Murdoch Applied Nanotechnology Research Group

Abstract:

Anodic aluminium oxide (AAO) membrane has in the last decade attracted enormous attention

because of the ease of its preparation and regularity of the pores obtained. It is also one of the

only systems that can be engineered at the nano level using macroscopic parameters. Porous

AAO membranes are considered to be the most suitable host materials for the fabrication of

polymer nanowires and nanotubes.
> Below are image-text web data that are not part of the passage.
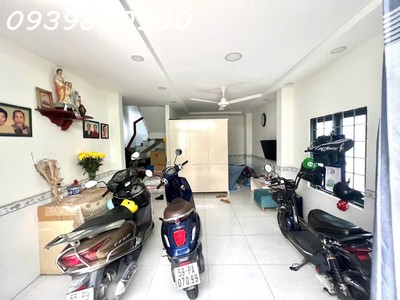 3 mặt hẻm ko lg, qh dân cư hiện hữu. 100m ra mt hoàng văn thụ 2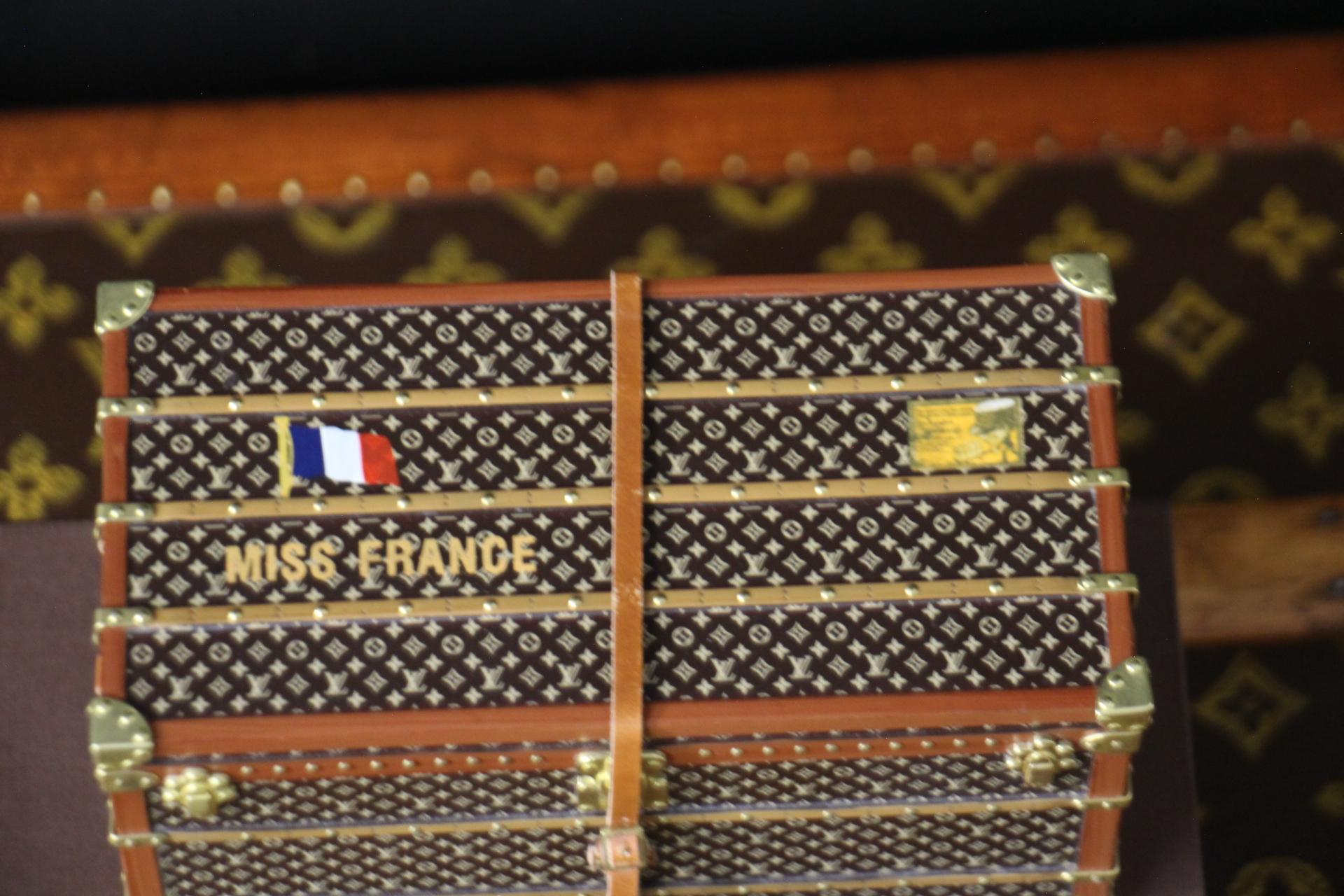 Louis Vuitton Trunk Miniature, Louis Vuitton trunk Paperweight For Sale 5
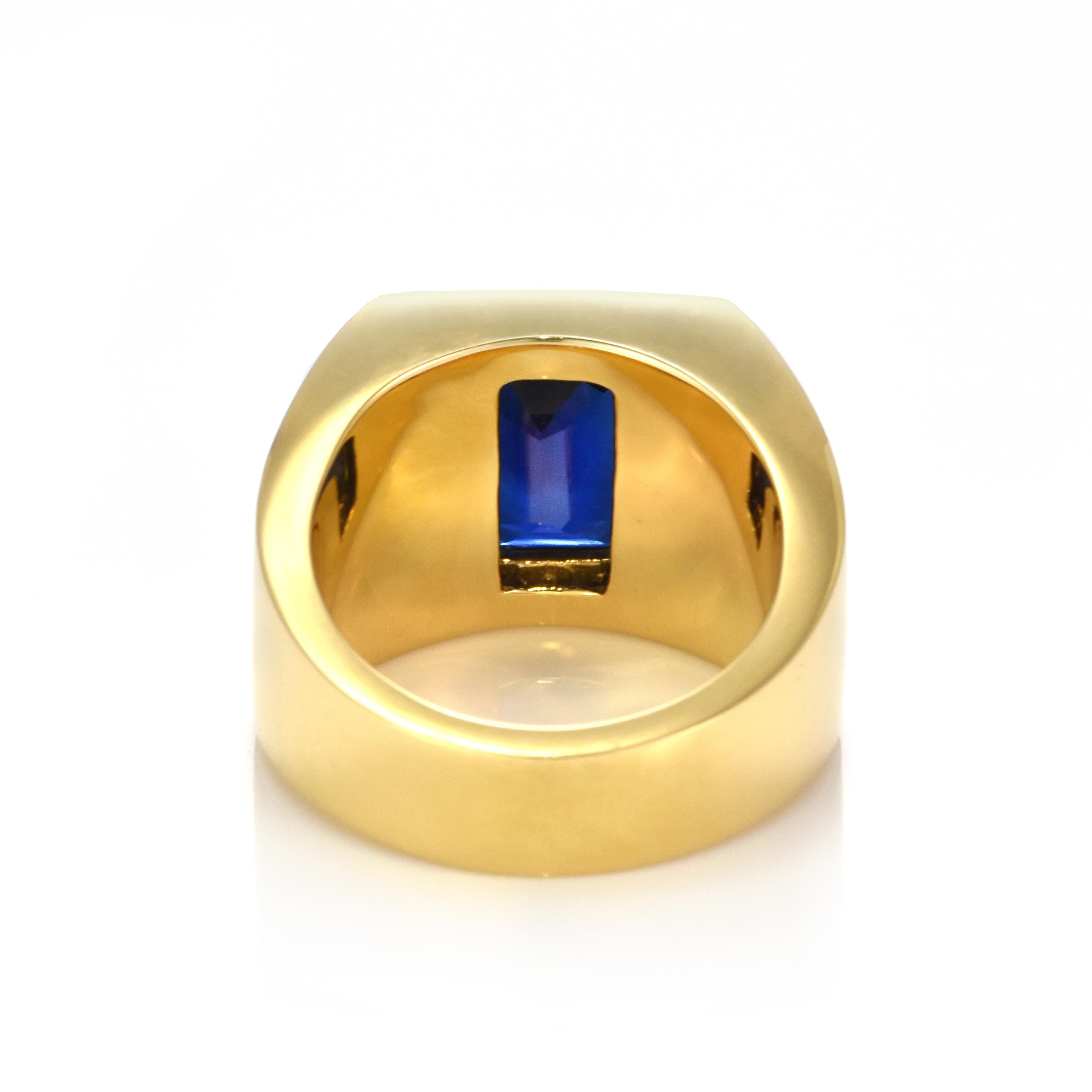 8.04 Carat Natural Blue Sapphire and Diamond Ring Made in 18 Karat Gold For Sale 1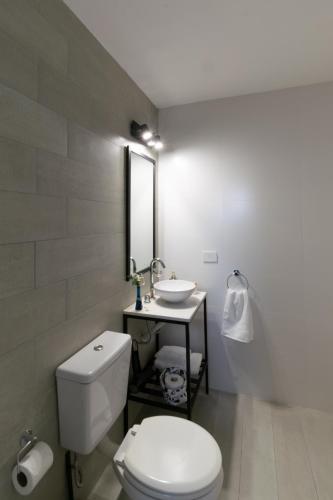 One-Bedroom Apartment image 10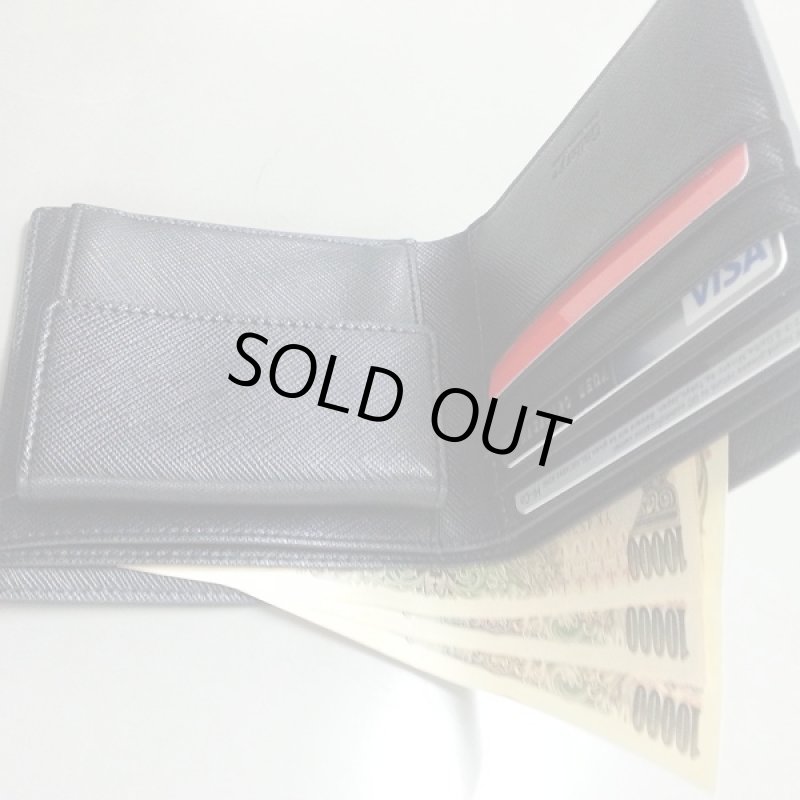 画像3: イタリア産カーボンエンボスレザー・ショートウォレット(本牛革/2つ折り財布/メンズ/イタリアンレザー/ブラック) (3)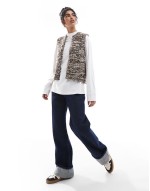 twist yarn knitted waistcoat in chocolate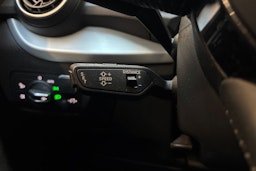 sininen Audi SQ2 2019 kuva 13.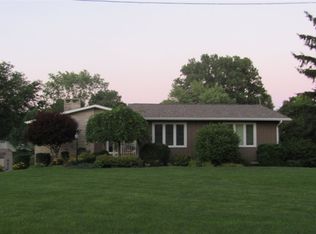 1379 Hitzfield St, Huntington, IN 46750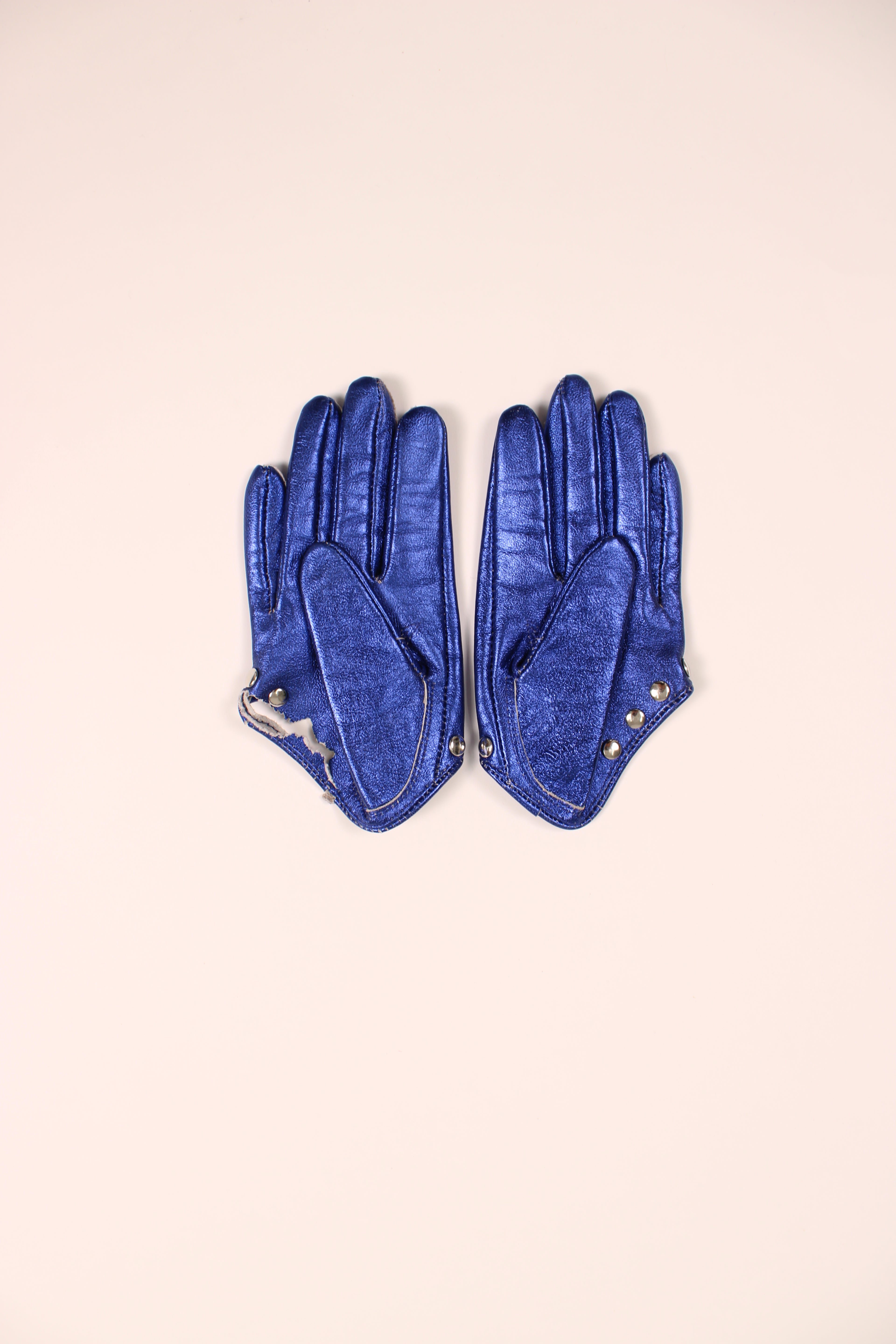 Fanci Club Gloves Rental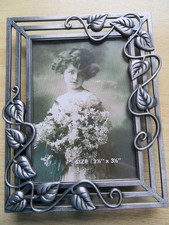 ART NOUVEAU DESIGN PEWTER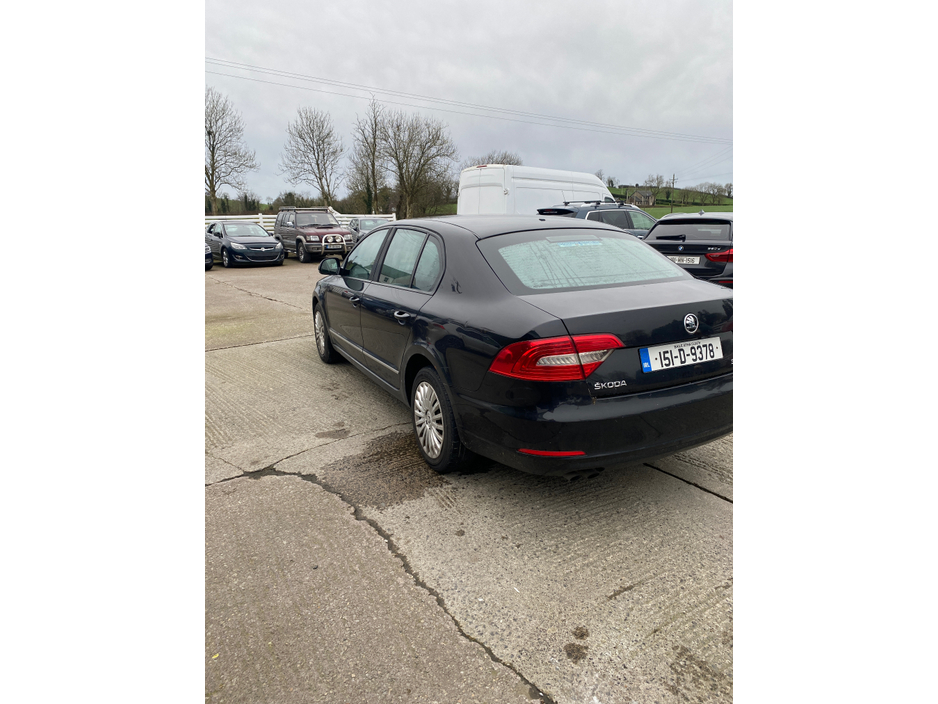 2015 Skoda Superb Active €7,000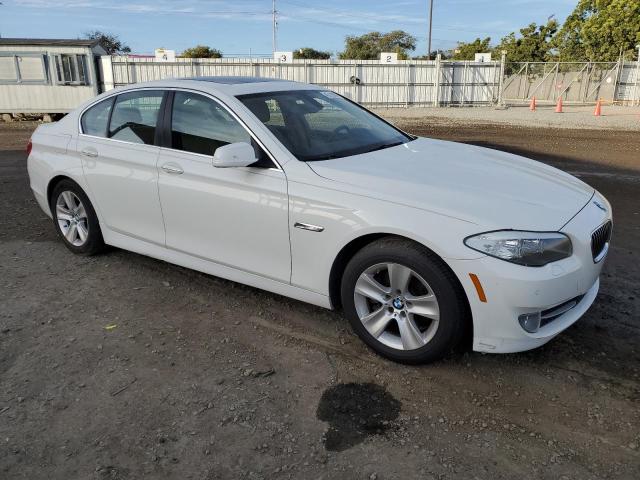 Photo 3 VIN: WBAXG5C5XCDW92101 - BMW 5 SERIES 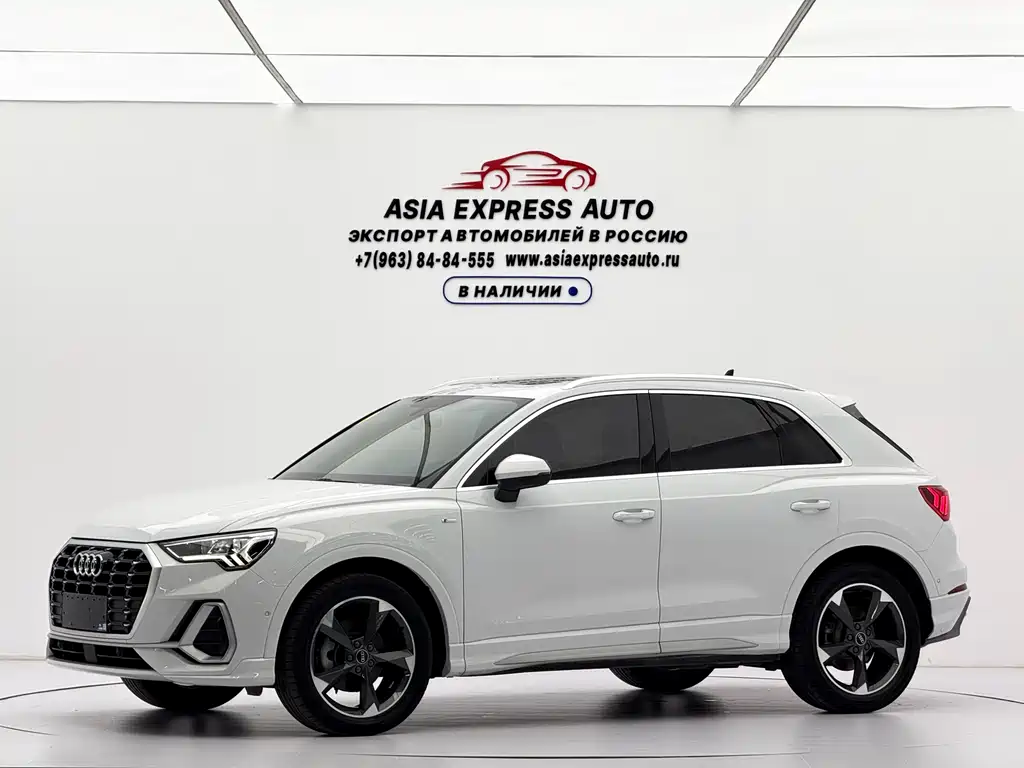 Audi Q3 2022 — фото 1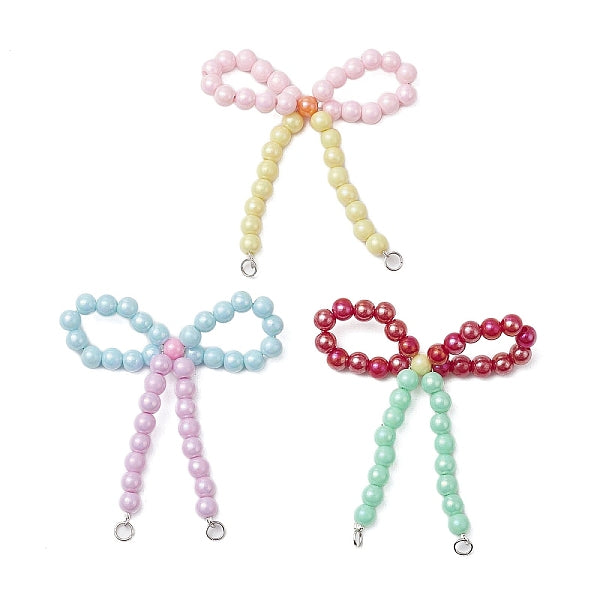 Cuentas acrílicas opacas con cuentas engarzadas de latón y anillos de salto abiertos de hierro colgantes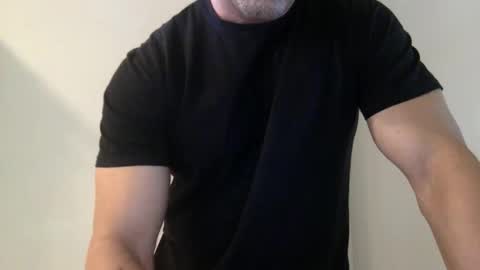 Snapshot of markk702 chatting on 10.29.25 markk702 online show from 10.29.25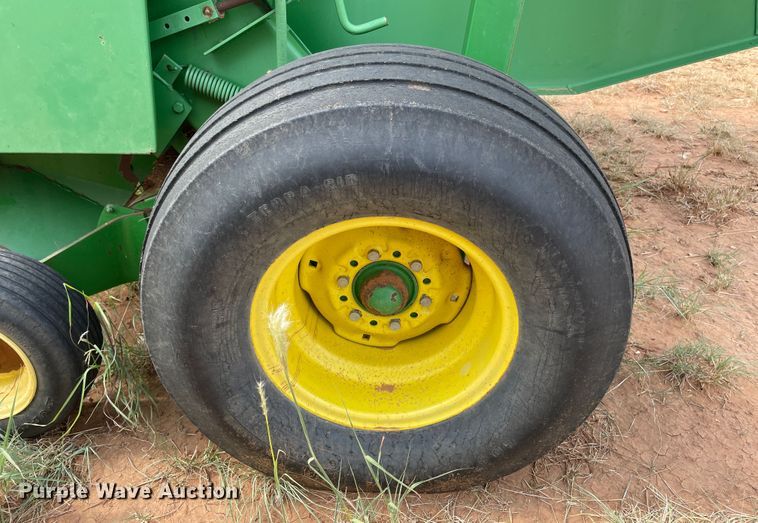 image for item DN5079 1995 John Deere 535  round baler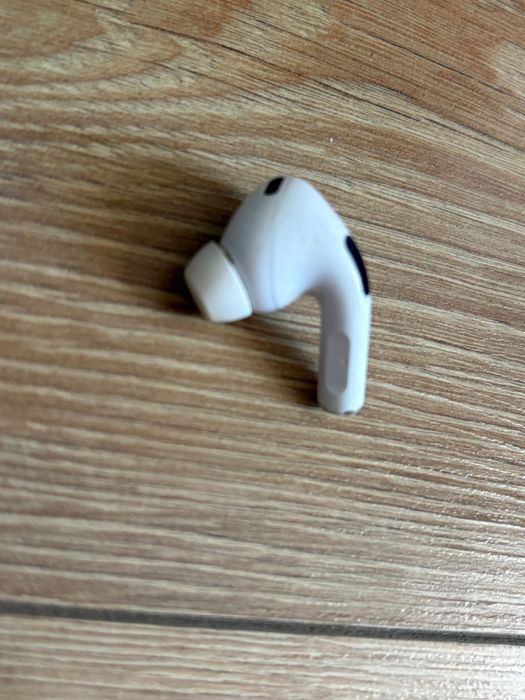 Airpods Pro 2 USB-C - лява слушалка и кейс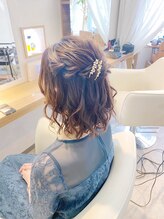 ララルーモ スタジオ(LaLarOomo STUDIO) 【JR新宿東口3分西武新宿駅直結】ミディアム華やかハーフアップ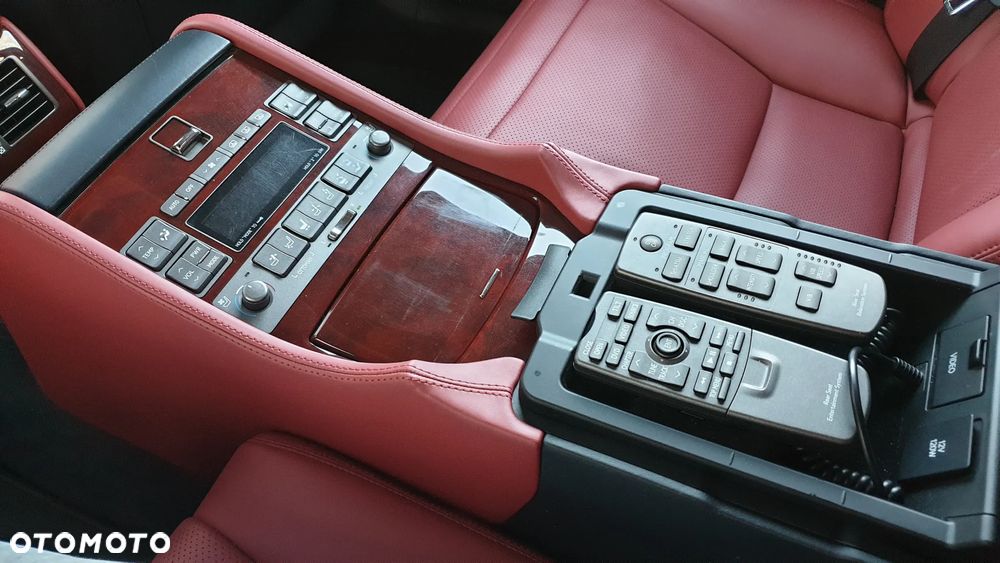 Lexus LS - 23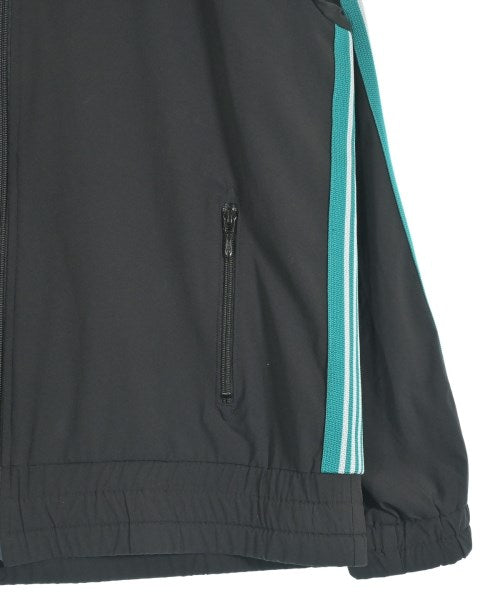 Needles เสื้อพาร์กาภูเขา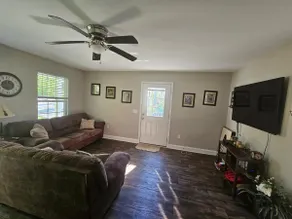 Woodsy cottage next to Lake James - Image 3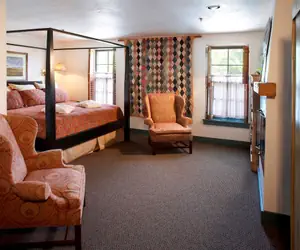 Photo 5 - Washington House Inn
More recently, composite materials of AAO membrane are

being synthesised for application as biodevices to analyse hereditary diseases and as implants

with enhanced bone bonding capability.

Organic and inorganic nano-composite materials are of particular interest because the fabrication

of these two components at the nanoscale level often exhibit physical and chemical properties

that vary greatly from their individual constituents.

In this novel project, we are aiming to develop and evaluate an efficient nano-composite of AAO-

PHEMA (poly-hydroxyethylmethacrylate) for potential cell attachment. PHEMA is a non-toxic,

non-antigenic polymer with good biocompatibility. It is used for several medical applications

such as contact lenses and drug delivery systems. This study aims to alter the surface properties

hence chemical and structural composition of the AAO membrane and examine if the addition of

PHEMA results in significant effects on cellular growth.

AAO-PHEMA nano-composite membranes were prepared by dip coating. Investigations into the

structural and chemical properties of the nano-composite were carried out using field emission

scanning electron microscopy (FE-SEM), Fourier Transmission Infra Red (FT-IR) spectroscopy

and X-Ray Photoelectron Spectroscopy (XPS). Variable interfacial bonding structure can be

achieved with different methods of preparation which in turn, would affect cellular attachment.